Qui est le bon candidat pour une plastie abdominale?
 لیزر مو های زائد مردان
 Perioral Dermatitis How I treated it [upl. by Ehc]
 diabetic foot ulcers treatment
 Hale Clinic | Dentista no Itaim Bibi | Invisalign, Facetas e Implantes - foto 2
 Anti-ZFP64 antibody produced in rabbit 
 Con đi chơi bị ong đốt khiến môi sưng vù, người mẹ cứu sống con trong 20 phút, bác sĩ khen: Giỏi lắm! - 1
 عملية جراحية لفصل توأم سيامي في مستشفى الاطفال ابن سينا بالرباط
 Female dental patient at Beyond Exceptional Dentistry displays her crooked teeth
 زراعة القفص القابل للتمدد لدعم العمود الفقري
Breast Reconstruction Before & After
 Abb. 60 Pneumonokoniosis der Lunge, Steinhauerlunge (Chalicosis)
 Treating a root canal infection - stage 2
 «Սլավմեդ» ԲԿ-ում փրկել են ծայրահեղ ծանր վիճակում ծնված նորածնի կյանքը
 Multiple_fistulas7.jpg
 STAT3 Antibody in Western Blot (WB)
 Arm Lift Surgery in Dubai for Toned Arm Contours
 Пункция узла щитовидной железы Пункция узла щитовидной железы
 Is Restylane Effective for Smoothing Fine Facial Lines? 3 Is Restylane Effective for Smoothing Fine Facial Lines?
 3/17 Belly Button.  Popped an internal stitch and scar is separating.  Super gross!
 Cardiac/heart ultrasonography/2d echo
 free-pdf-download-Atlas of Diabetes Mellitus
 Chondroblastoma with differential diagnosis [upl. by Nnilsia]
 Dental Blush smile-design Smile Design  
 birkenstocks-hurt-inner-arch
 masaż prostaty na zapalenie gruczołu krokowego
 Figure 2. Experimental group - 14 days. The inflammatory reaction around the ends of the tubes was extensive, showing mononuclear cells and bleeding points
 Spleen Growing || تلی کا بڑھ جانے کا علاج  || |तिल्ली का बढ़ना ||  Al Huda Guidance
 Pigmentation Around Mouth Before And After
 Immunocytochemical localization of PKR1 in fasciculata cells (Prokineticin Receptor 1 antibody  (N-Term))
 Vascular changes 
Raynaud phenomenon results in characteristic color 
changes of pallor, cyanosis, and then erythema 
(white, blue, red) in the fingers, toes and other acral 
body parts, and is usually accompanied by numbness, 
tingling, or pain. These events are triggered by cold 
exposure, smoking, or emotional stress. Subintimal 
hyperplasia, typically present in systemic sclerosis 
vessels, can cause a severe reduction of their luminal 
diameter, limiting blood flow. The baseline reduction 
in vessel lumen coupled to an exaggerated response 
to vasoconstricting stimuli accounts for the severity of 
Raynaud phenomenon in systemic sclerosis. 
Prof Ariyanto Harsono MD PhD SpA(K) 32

========

**TASK STATEMENT:**
Return only the lines between the one holding "Multiple_fistulas7.jpg" and the one holding "Cardiac/heart ultrasonography/2d echo", inclusive, exactly as they appear above.

**ANSWER BOX:**
 Multiple_fistulas7.jpg
 STAT3 Antibody in Western Blot (WB)
 Arm Lift Surgery in Dubai for Toned Arm Contours
 Пункция узла щитовидной железы Пункция узла щитовидной железы
 Is Restylane Effective for Smoothing Fine Facial Lines? 3 Is Restylane Effective for Smoothing Fine Facial Lines?
 3/17 Belly Button.  Popped an internal stitch and scar is separating.  Super gross!
 Cardiac/heart ultrasonography/2d echo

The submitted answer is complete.